BEGIN Data to process

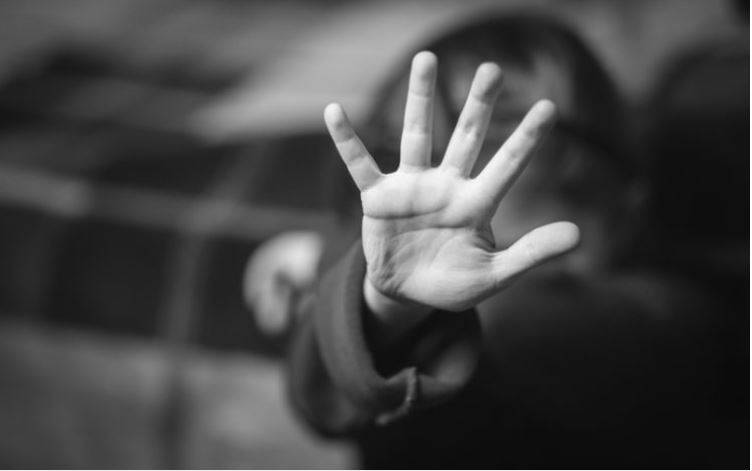 Tras presunto maltrato, niña fue ingresada a terapia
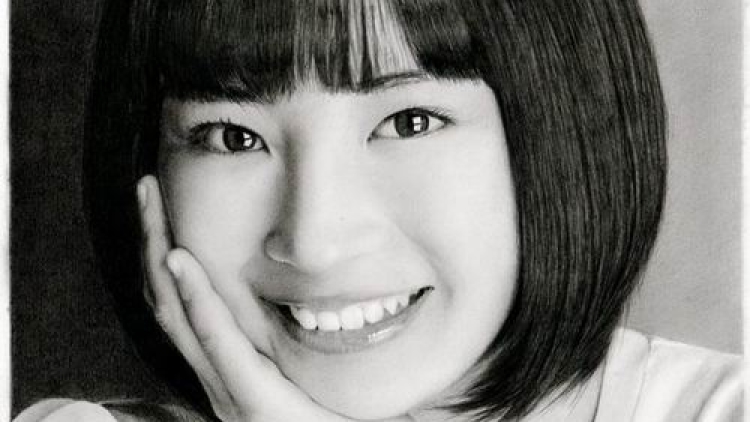 Sugoi! Ini Bukan Foto Selebriti Jepang, Tapi Lukisan Menggunakan Pensil! (3)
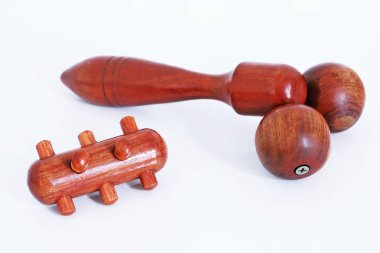 Masaj ekipmanları, Tay masajı için odun 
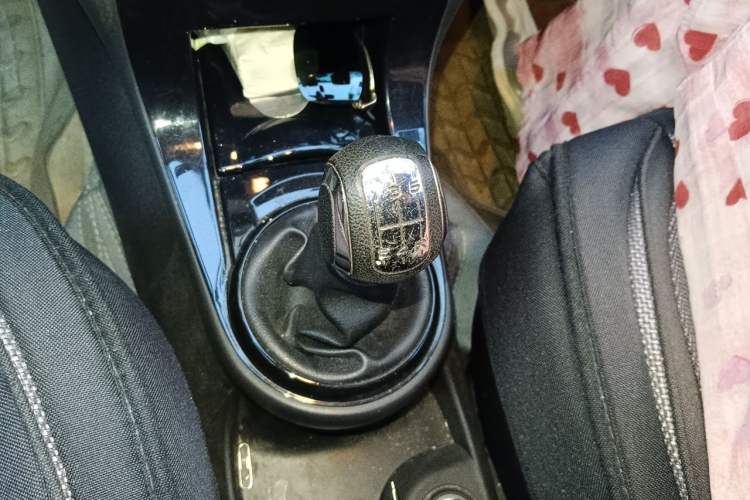Used Citroen C-Quatre 2013 Sedan 1.6L Manual - Prestige Model Gear Lever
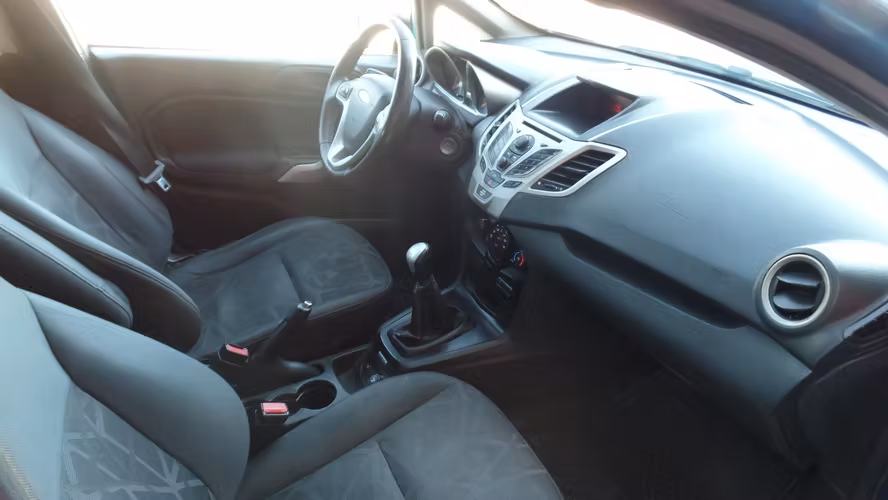 FORD FIESTA 2013 $ 4.190.000.-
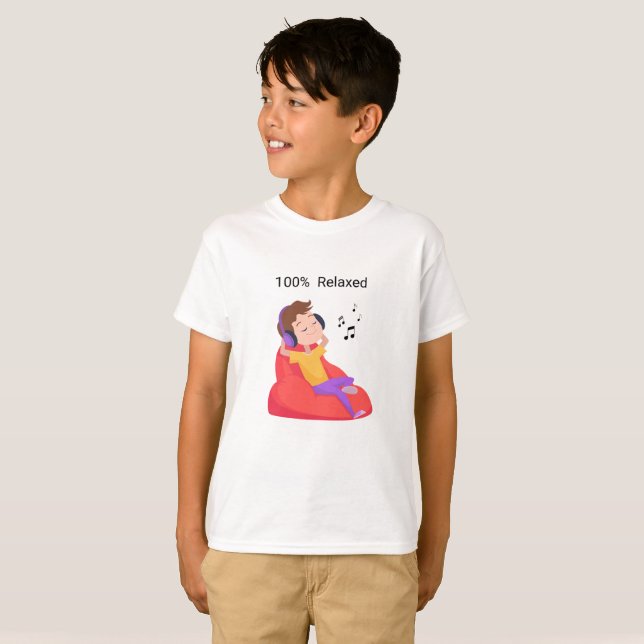Young boy listens to music T-Shirt (Vorne ganz)
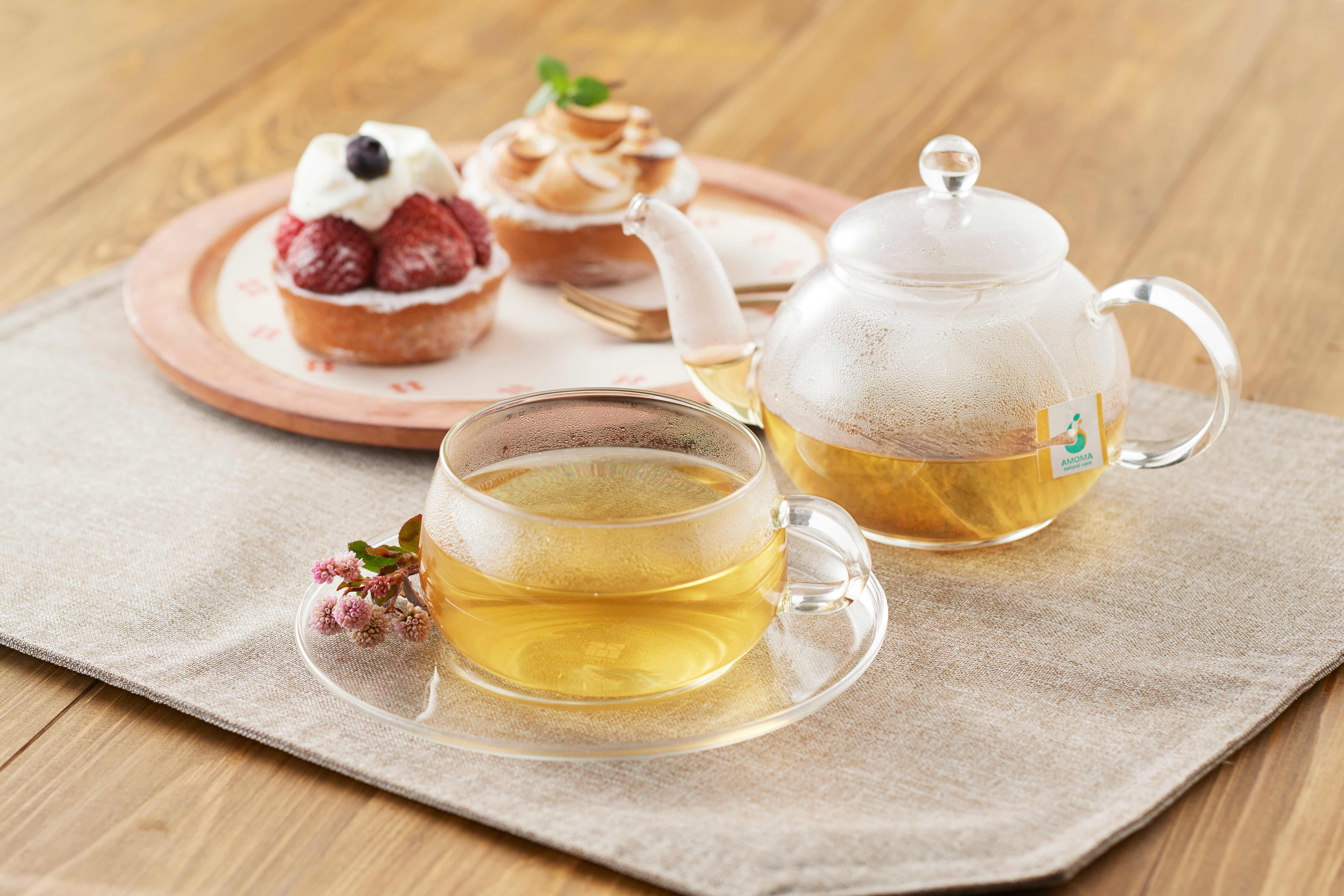 ミルクスルーブレンド ハーブティーとスイーツ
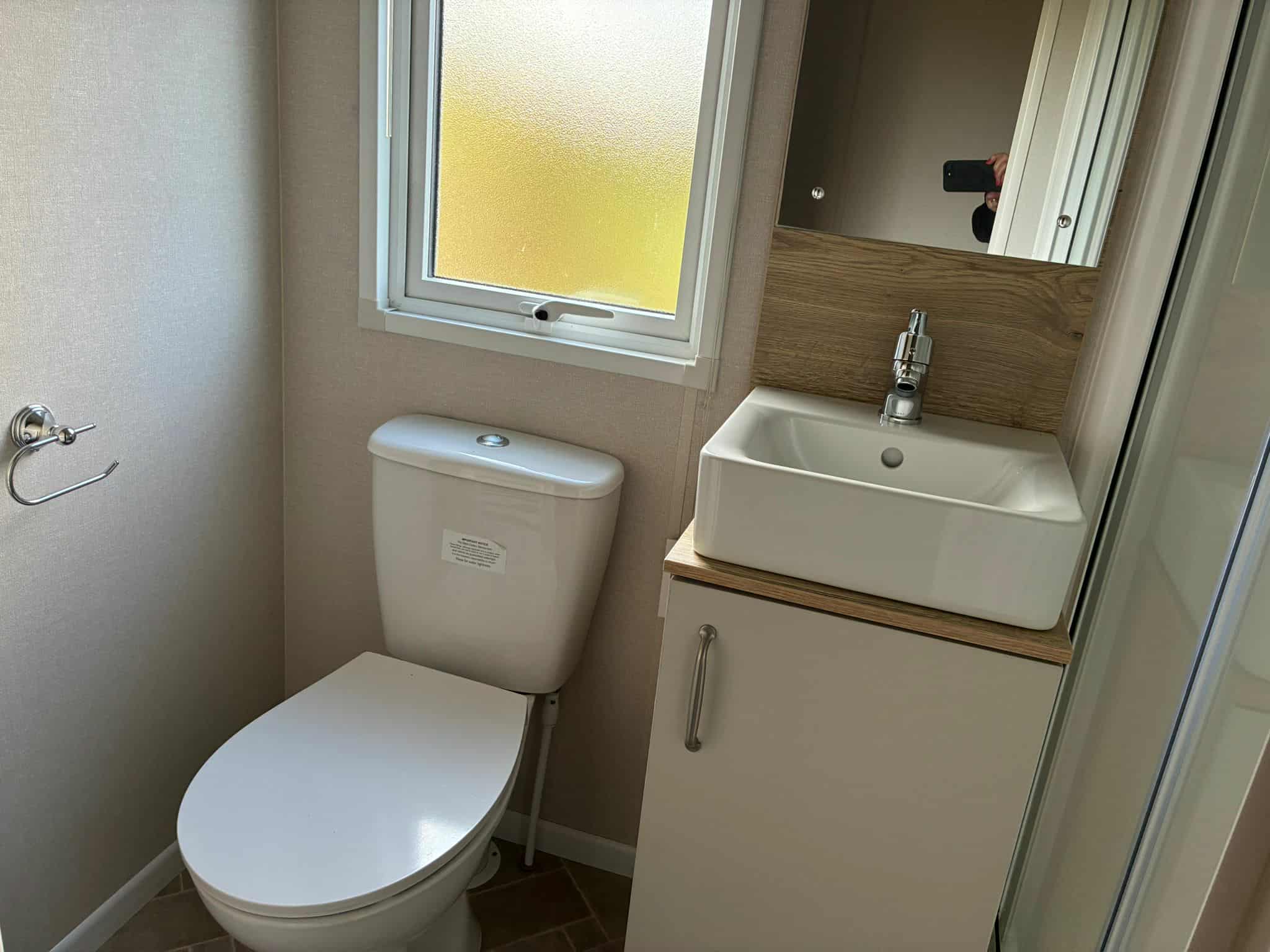 2025 Green ABI Ideal Retreat | Ideal Caravans Durham Large Image 4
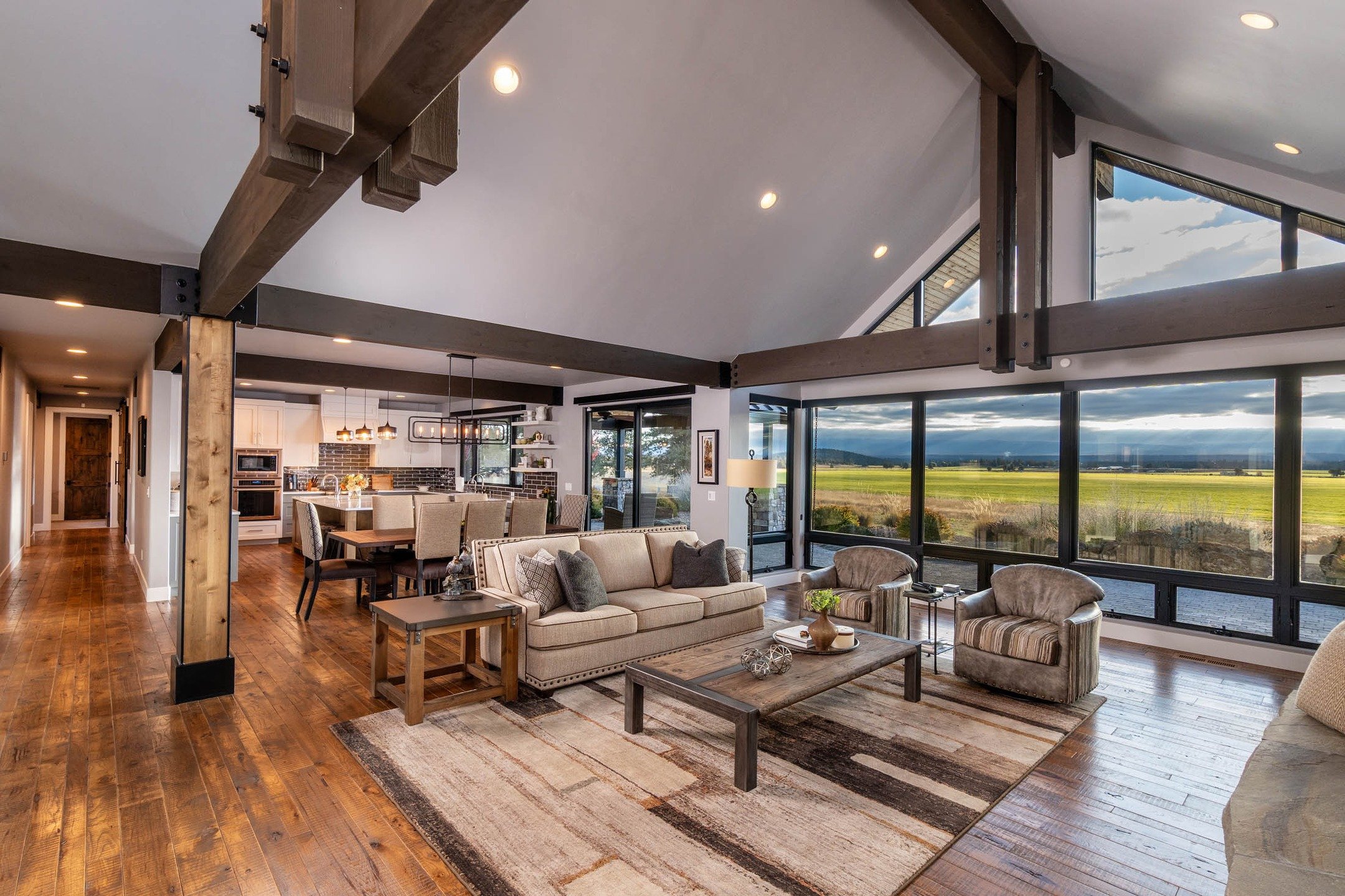 Cozy farmhouse open concept with spectacular views! #mountainviews #dreamhomes #interiordesign #architecturephotography #centraloregon
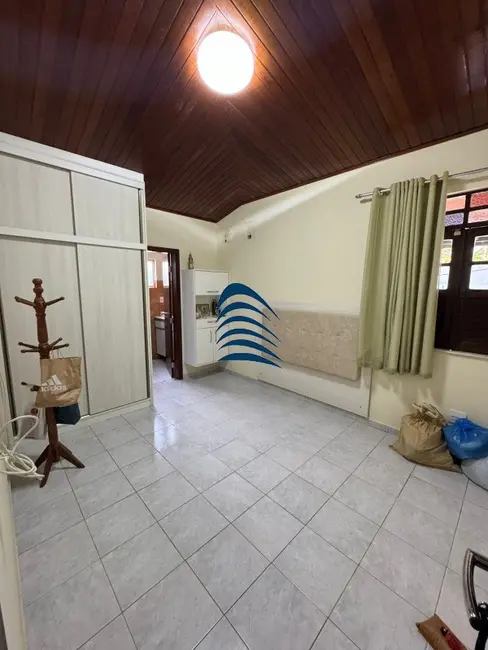 Casa com 4 quartos à venda, 295m2 em Vilas do Atlântico, Lauro De Freitas - BA - imagem 3 Foto 3 de Casa com 4 quartos à venda, 295m2 em Vilas do Atlântico, Lauro De Freitas - BA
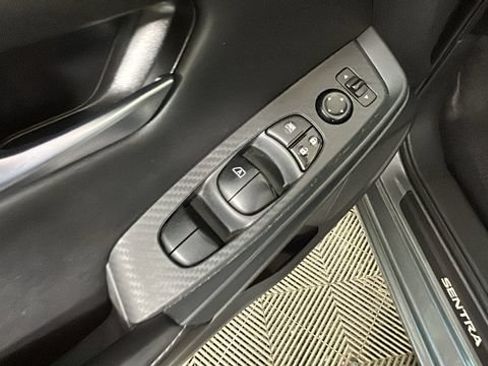 Used 2022 Nissan Sentra SV w/ Trunk Package FWD image 10
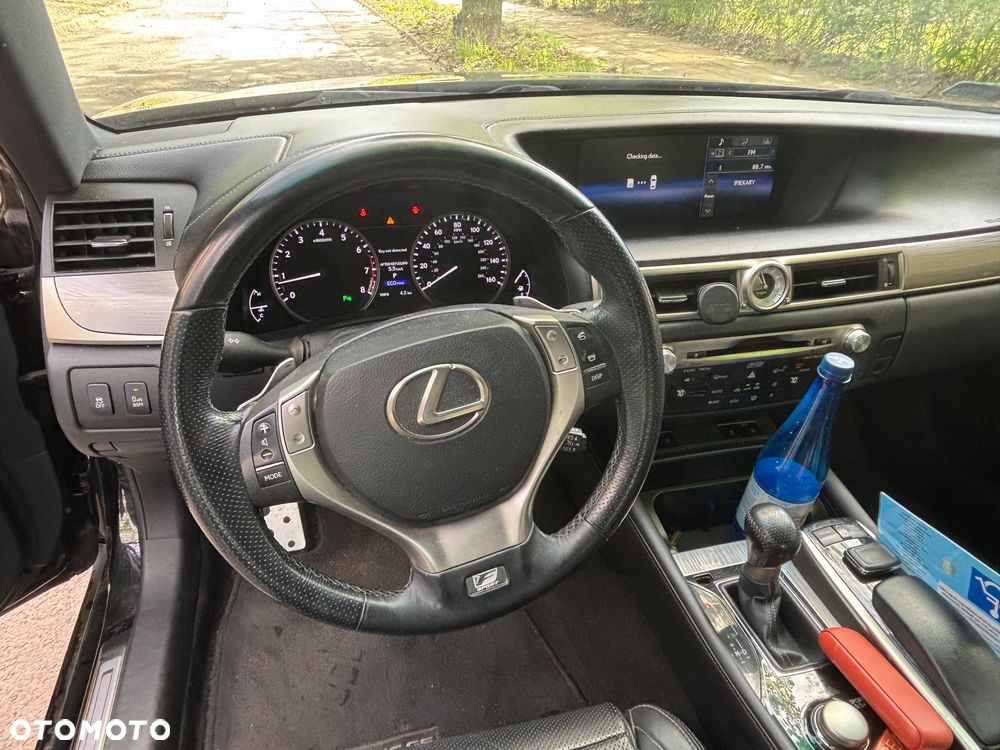 Lexus GS - 9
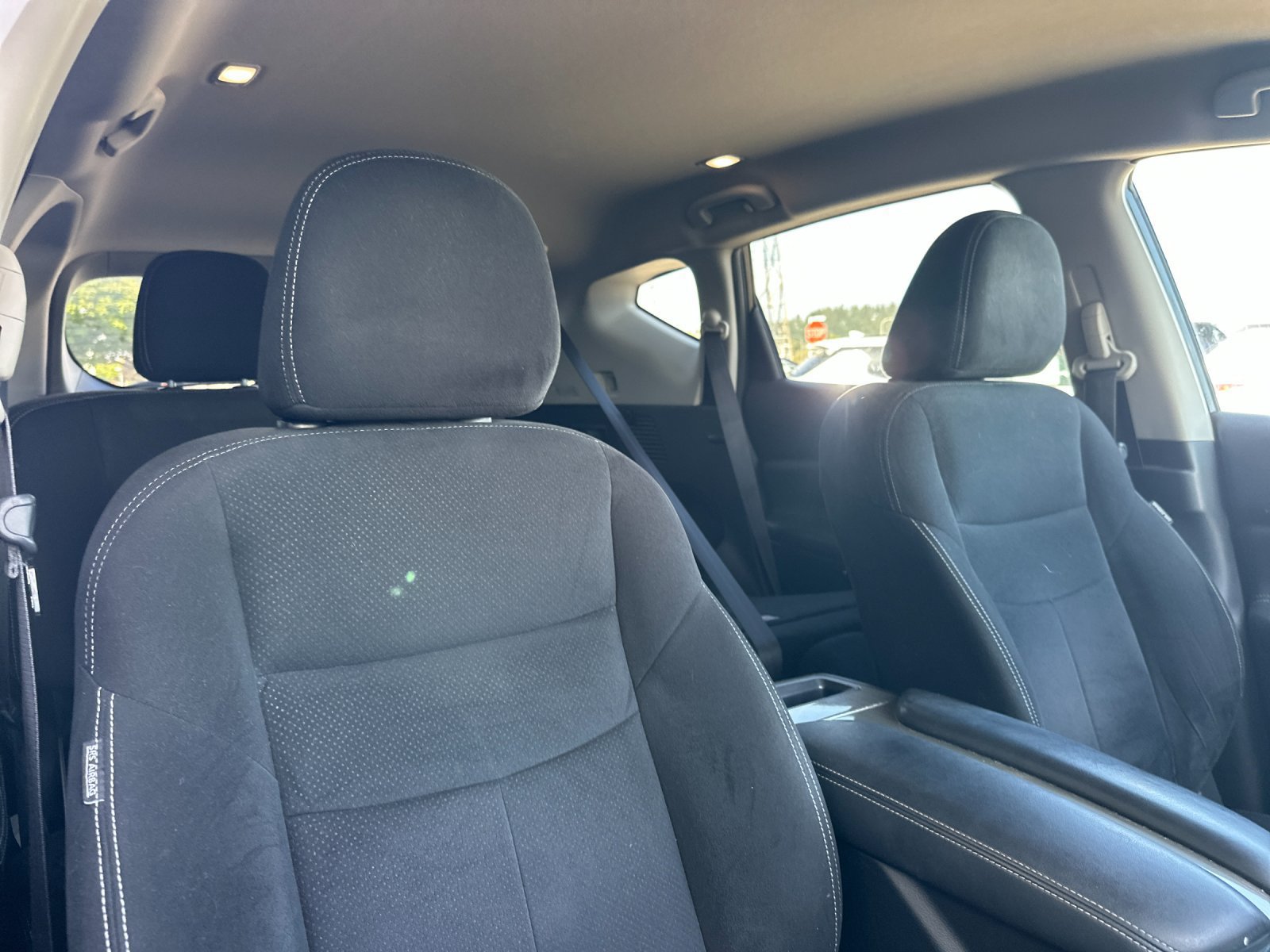 Used 2018 Nissan Murano SV AWD/4WD image 17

END Data to process

Copy every record exactly, dropping the images.

| Exercise solution |
 Tras presunto maltrato, niña fue ingresada a terapia
 Sugoi! Ini Bukan Foto Selebriti Jepang, Tapi Lukisan Menggunakan Pensil! (3)
 Masaj ekipmanları, Tay masajı için odun 
Used Citroen C-Quatre 2013 Sedan 1.6L Manual - Prestige Model Gear Lever
 FORD FIESTA 2013 $ 4.190.000.-
Young boy listens to music T-Shirt (Vorne ganz)
 ミルクスルーブレンド ハーブティーとスイーツ
 2025 Green ABI Ideal Retreat | Ideal Caravans Durham Large Image 4
 Cozy farmhouse open concept with spectacular views! #mountainviews #dreamhomes #interiordesign #architecturephotography #centraloregon
 Casa com 4 quartos à venda, 295m2 em Vilas do Atlântico, Lauro De Freitas - BA - imagem 3 Foto 3 de Casa com 4 quartos à venda, 295m2 em Vilas do Atlântico, Lauro De Freitas - BA
 Used 2022 Nissan Sentra SV w/ Trunk Package FWD image 10
 Lexus GS - 9
 Used 2018 Nissan Murano SV AWD/4WD image 17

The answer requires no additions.